What we’re reading about Open Education:
Access and Innovation: The Use of OER at Smaller Independent Colleges and Universities to Support Historically Underrepresented Students
The Council of Independent Colleges
This project focused on those institutions that serve historically underrepresented student populations in higher education, such as students who identify as Black or African American or Latinx, students who are the first in their families to pursue a postsecondary education, or students from low-income households.
Open Education Policies in the Northeast
Lindsey Gumb, Fellow for Open Education
While there is no one-size-fits-all policy, model or practice in Open Education, several New England states engaged in this work have identified and demonstrated practical approaches to successfully advance initiatives at both the state and institution level. This regional analysis shares exemplars and observations of sound practices observed by NEBHE Fellow for Open Education, Lindsey Gumb.
Gap Analysis and Environmental Scan:
Sharing Observations, Priorities, Opportunities in the National OER Landscape
NEBHE, MHEC, SREB, WICHE, & WCET
The four regional education compacts—the Midwestern Higher Education Compact, the New England Board of Higher Education, the Southern Regional Education Board, and the Western Interstate Commission for Higher Education—are working together to help scale the adoption and use of open education resources nationally to allow millions students access to free, high-quality learning resources.
Florida Virtual Campus Office of Distance Learning and Student Services conducted a large-scale study in 2018 to examine textbook affordability and the associated implications. Among the many key findings, notably the cost of textbooks negatively impacts student access to required materials and learning. The top 5 highest percentage answers as a result of the high cost of textbooks are: not purchasing the required textbook (64%); taking fewer courses (43%); not registering for a specific course (41%); earning a poor grade (36%); and dropping a course (23%).
The 2020 Bayview Analytics and WCET report on OER suggests that while faculty and institutions have shown increasing awareness and acceptance of OER, “many remain unfamiliar with what they are, or how to utilize them.”
- Faculty who are aware of one or more OER initiatives are much more likely to be adopters of OER. This holds true for both faculty teaching introductory-level courses and the general population of faculty.
- When implemented at the institutional level, OER initiatives result in a measurable rise in the number of faculty who are aware of OER.
- Faculty who are aware of OER are much more likely to adopt OER as required course materials; those who have yet to adopt OER are much more likely to do so in the future.
- The impact of awareness of OER initiatives on adoption remains consistent across types of institutions (two- and four-year), the level of course being taught, and across regional compacts in the U.S.
The number of students reporting financial strain due to textbook costs have been found to be higher for first-generation, Pell and other underrepresented groups of students. A 2020 study (n=705) conducted by Jenkins et al. found that Latinx students were three times more likely than their white peers to fail a class because they could not afford the textbook, and first-generation students were twice as likely to fail a course than their non-first generation peers for the same reason.
A 2018 paper by Sarah Lambert offers a new social justice aligned definition for Open Education, providing us with new shared language and a strong theoretical framework to distinguish the field of Open Education from constructivist eLearning.
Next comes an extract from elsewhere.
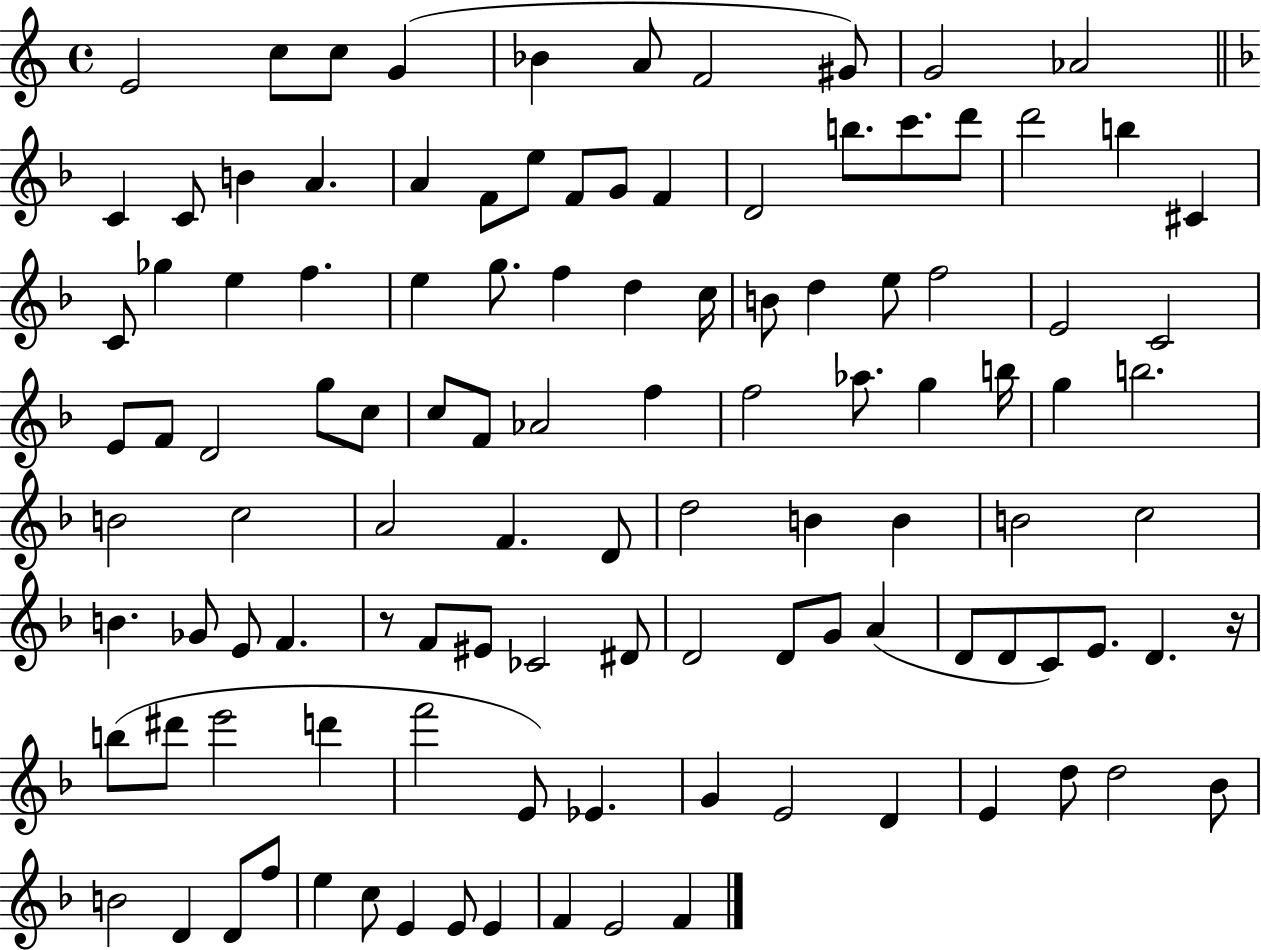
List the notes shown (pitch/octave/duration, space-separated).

E4/h C5/e C5/e G4/q Bb4/q A4/e F4/h G#4/e G4/h Ab4/h C4/q C4/e B4/q A4/q. A4/q F4/e E5/e F4/e G4/e F4/q D4/h B5/e. C6/e. D6/e D6/h B5/q C#4/q C4/e Gb5/q E5/q F5/q. E5/q G5/e. F5/q D5/q C5/s B4/e D5/q E5/e F5/h E4/h C4/h E4/e F4/e D4/h G5/e C5/e C5/e F4/e Ab4/h F5/q F5/h Ab5/e. G5/q B5/s G5/q B5/h. B4/h C5/h A4/h F4/q. D4/e D5/h B4/q B4/q B4/h C5/h B4/q. Gb4/e E4/e F4/q. R/e F4/e EIS4/e CES4/h D#4/e D4/h D4/e G4/e A4/q D4/e D4/e C4/e E4/e. D4/q. R/s B5/e D#6/e E6/h D6/q F6/h E4/e Eb4/q. G4/q E4/h D4/q E4/q D5/e D5/h Bb4/e B4/h D4/q D4/e F5/e E5/q C5/e E4/q E4/e E4/q F4/q E4/h F4/q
Lambert offers us three new “R’s”to define the principals of social justice in Open Education: redistributive, recognitive, and representational.
A 2018 study by Colvard, Watson & Park found that “… OER adoption does much more than simply save students money and address student debt concerns. OER improve end-of-course grades and decrease DFW (D, F, and Withdrawal letter grades) rates for all students. They also improve course grades at greater rates and decrease DFW rates at greater rates for Pell recipient students, part-time students, and populations historically underserved by higher education.”
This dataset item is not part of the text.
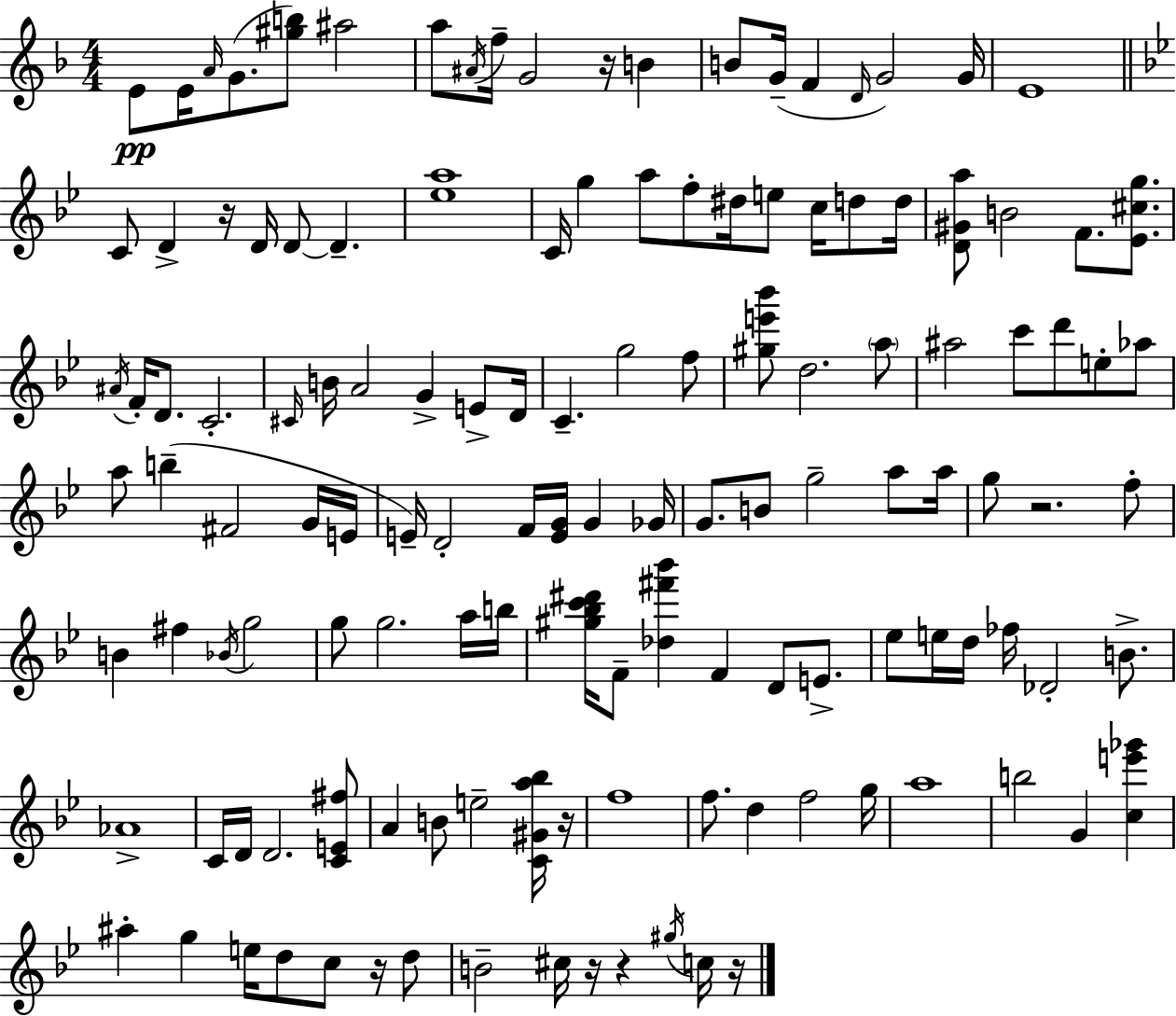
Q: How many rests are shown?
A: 8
Like OER, inclusive access models aim to ensure that all students have access to their learning materials on day one of class, but the major difference is that OER are free and inclusive access is not. Colleges and universities sign inclusive access contracts with publishing companies that then add the materials cost directly to the student’s tuition bill, also known as “automatic textbook billing.” In February 2020, U.S. PIRG Education Fund reviewed 31 of these such contracts across the country affecting more than 700,000 students and issued a report revealing a significant amount of the contracts “fail to deliver real savings for students, reduce faculty and student choice, and give even more power to a handful of big publishing companies.”
In a 2023 study on renewable assignments, Clinton-Lisell & Gwozdz found that students reported significantly higher levels of representational justice for renewable assignments, indicating that they noted more opportunities to share their stories and speak from their experiences in these projects than with traditional assignments. Students also reported significantly higher levels of intrinsic motivation (inherent interest and enjoyment) with renewable assignments vs. traditional assignments, and traditional assignments had significantly higher levels of reported associated pressure vs. renewable assignments.
John Hilton III, et. al (2019) published a study on the perceptions of 173 students enrolled in courses using various approaches to open pedagogy by nineteen instructors in post-secondary institutions in New Hampshire. Students found value in open pedagogy and believed that open pedagogy had greater overall educational value than traditional educational activities. One student shared that open pedagogy “allowed me to look through important course information, such as cases and related legal information, and synthesize it for the audience (my blog). This forced me to think of the information in terms of its importance relative to my topic and use it in a way that was meaningful to an audience that may not have the context to digest a lot of raw information. A traditional tool, like a test or quiz, would not achieve this same level of cognitive rigor in terms of how I used the course material.”